Re: ten thousand small processes

From: Jon Mini (mini_at_freebsd.org)
Date: 06/25/03

  • Next message: Petri Helenius: "Re: ten thousand small processes"
    Date: Wed, 25 Jun 2003 03:29:30 -0700
    To: "D. J. Bernstein" <djb@cr.yp.to>
    
    

    D. J. Bernstein [djb@cr.yp.to] wrote :

    > In case my subject line isn't clear enough: I'm not talking about
    > browsers. I'm not talking about programs that ``use up stack space,'' or
    > that would feel even slightly ``restricted'' by a 1GB limit on the heap,
    > or that use threads, or that allocate many file descriptors per process.

    However, you *are* talking about modifying the behaviour of a system
    that normally runs processes like this. This is a general-purpose
    operating system. We have to consider the impact of any changes
    we make on all types of loads, but primarily the most common ones.
    Especially the most common performance-critical ones. That means
    processes which do not behave at all like what you are talking
    about.

    If FreeBSD primarily ran very small processes that only consumed a
    few kilobytes of state, then it would be designed very differently,
    and the problem you are describing would not exist. However, that
    is not the case.

    > I'm talking about _small_ processes. I'm talking about programs that
    > might have quite a bit of code, and might read and write quite a lot of
    > data, but that don't use much memory per process. The problem is that
    > I'm talking about ten thousand of these processes running at once.

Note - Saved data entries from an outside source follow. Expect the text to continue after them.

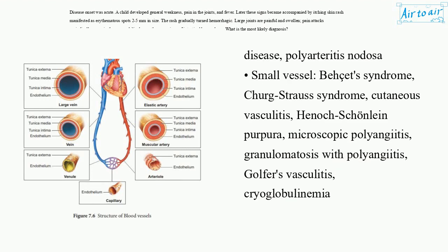Small vessel: Behçet's syndrome, Churg-Strauss syndrome, cutaneous vasculitis, Henoch-Schönlein Purpura, microscopic polyangiitis, granulomatosis with polyangiitis, golfer's vasculitis, cryoglobulinemia.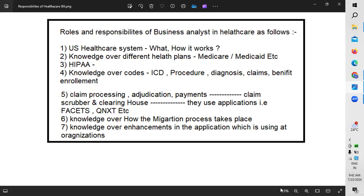The US healthcare system is completely insurance-based. There are two different types of insurance: one is the Medicare insurance plan and the second is the Medicaid plan. When there is a cash transaction, there won't be much process involved — an individual undergoes treatment and pays by cash. But when insurance is involved, there are a lot of processes depending on the kind of insurance plan and what benefits are included.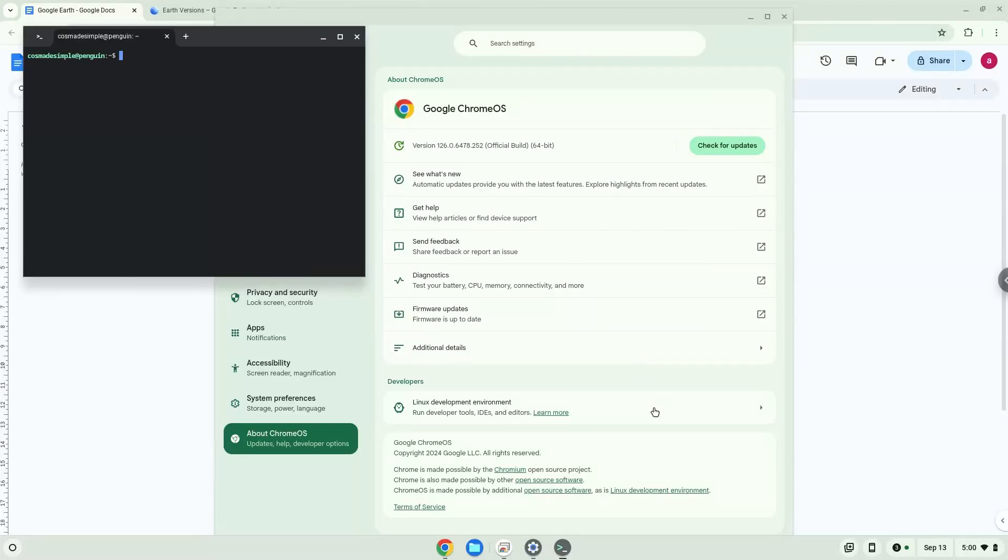Now that we have enabled Linux apps on our system, we will continue to the next step, which is to run several commands in a terminal which will prepare our system to install the application. All the commands are in the video description.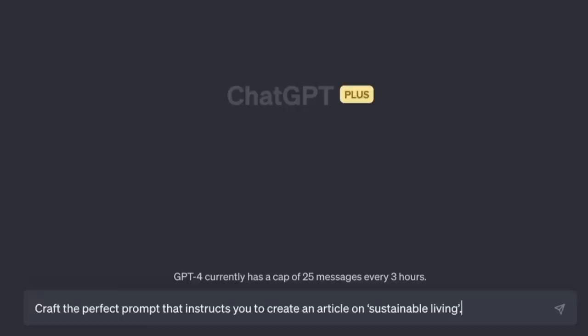This prompt changes everything. So there I was, prompting the AI to create an article, and then I thought: how do I know that this is the best possible prompt? And then it came to me — what if I ask the AI to create the perfect prompt? 'Craft the perfect prompt that instructs you to create an article on sustainable living.'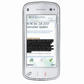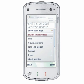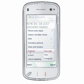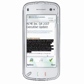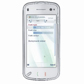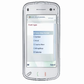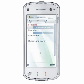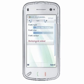To format font properties, choose Options > Format > Font to access the font formatting options available in QuickWord. You can format font typeface, size, color, and background color properties for the selected range of text.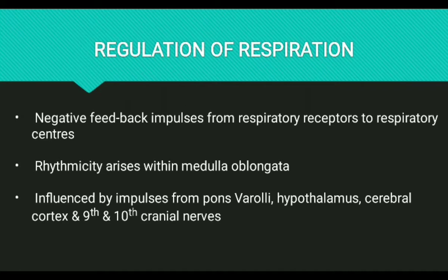Respiratory receptors and respiratory centers send negative feedback impulses to control breathing movements and normalize the ventilation rate. So, respiration regulation means it involves the generation of impulses within the brain stem.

    You are going to run in a far larger list of problems when trying
    to run orders of tens of thousands of processes on FreeBSD. The
    fact of the matter is not that FreeBSD might have poorly designed
    implementation details, but rather that a large-scale architectural
    decision was made among the UNIX community at large to, simply put,
    not support that.

    The fact of the matter is that a process is a heavy-weight entity.
    The resource consumption you are describing in userland is least
    of your worries. In the kernel many more resources are consumed
    on a per-process bases and, unfortunately, there are a handful of
    algorithms that are going to have poor growth charactaristics with
    that many processes active on the system. The impact on the
    scheduling subsystem alone is probably worth several months of
    research.

    You are not going to find much of a positive response here for your
    use case. What you suggest would take many hours of development
    time in order to provide gain only on use cases that are (a) not
    common, and (b) not helpful. Simply put, we don't want users to
    make tens of thousands of small processes. This, among other things,
    is what threads are for.

    > In this situation, if malloc() fritters away 24K of RAM in one process,
    > it's actually frittering away more than 234 _megabytes_ of RAM. This
    > memory is _not_ going to be ``used later.'' The behavior of malloc()
    > here is not ``quite good.'' For the program that prompted this thread,
    > malloc() achieved 4.3% fill, 95.7% external fragmentation.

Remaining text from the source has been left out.